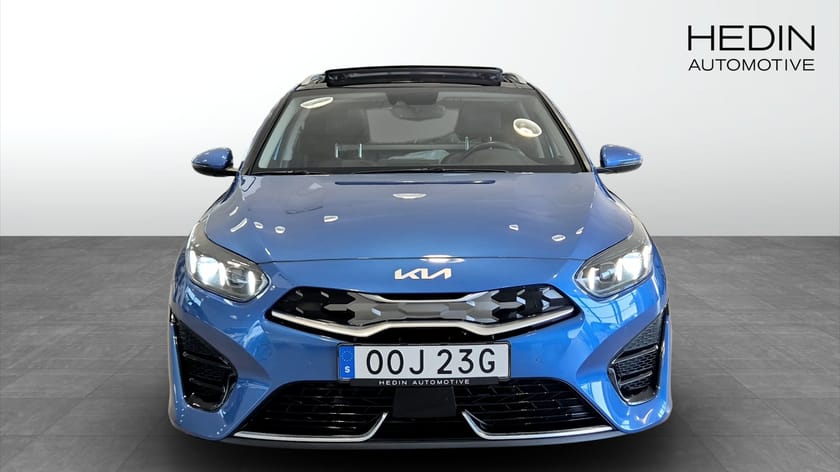 Bild 2 av Kia Ceed Sportswagon Plug-in Hybrid ADVANCE PLUS GODKÄND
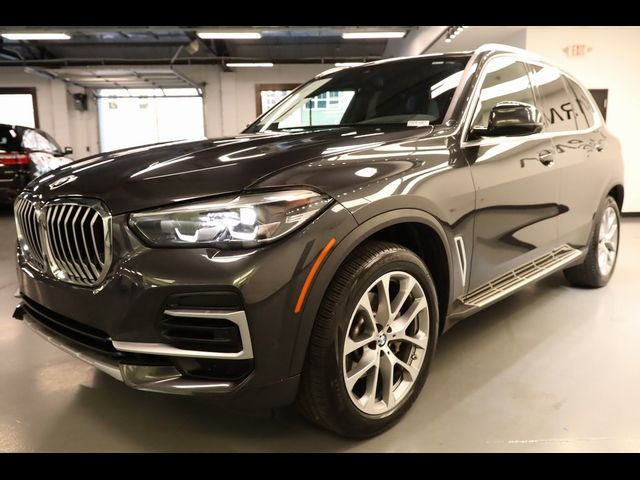 2023 BMW X5 xDrive40i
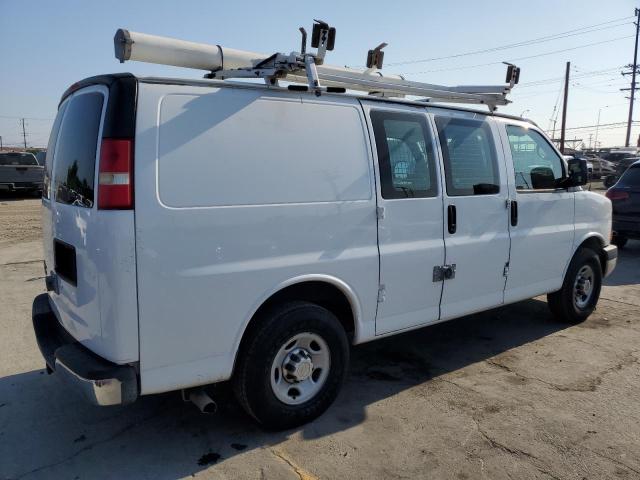 CHEVROLET EXPRESS G2 2014 white cargo va compressed natural gas 1GCWGFCB9E1119284 photo #4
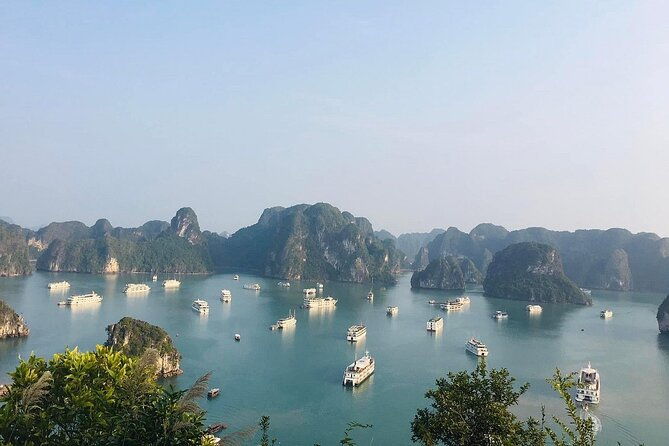 Ha Long Bay Cruise Day Tour-best selling: Included transportation - Discovering the Beauty of Ha Long Bay: A Detailed Review of the Bestselling Day Tour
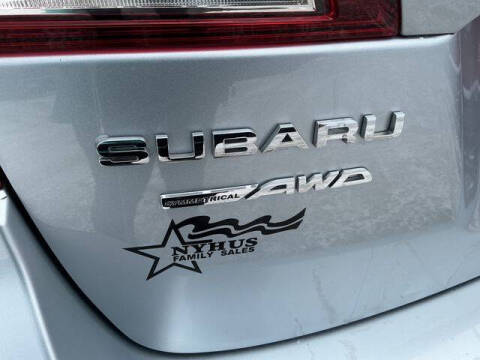 2018 Subaru Outback 2.5i Premium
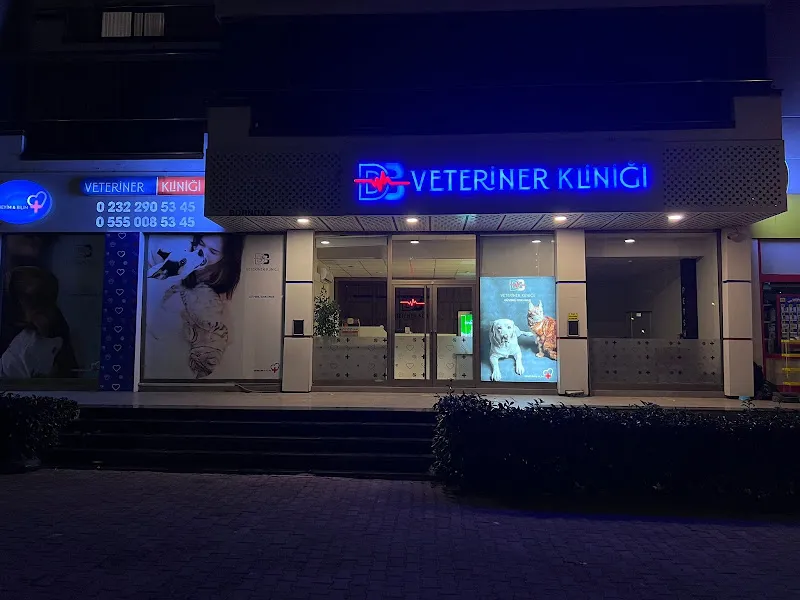 DB Bornova Veteriner Kliniği - İzmir foto 1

--*--

[Task statement] Both the line containing "Ha Long Bay Cruise" and the last line of the records above belong in the exact copy, along with every line between them; pictures do not.

[Output of the task]
 Ha Long Bay Cruise Day Tour-best selling: Included transportation - Discovering the Beauty of Ha Long Bay: A Detailed Review of the Bestselling Day Tour
 2018 Subaru Outback 2.5i Premium
 DB Bornova Veteriner Kliniği - İzmir foto 1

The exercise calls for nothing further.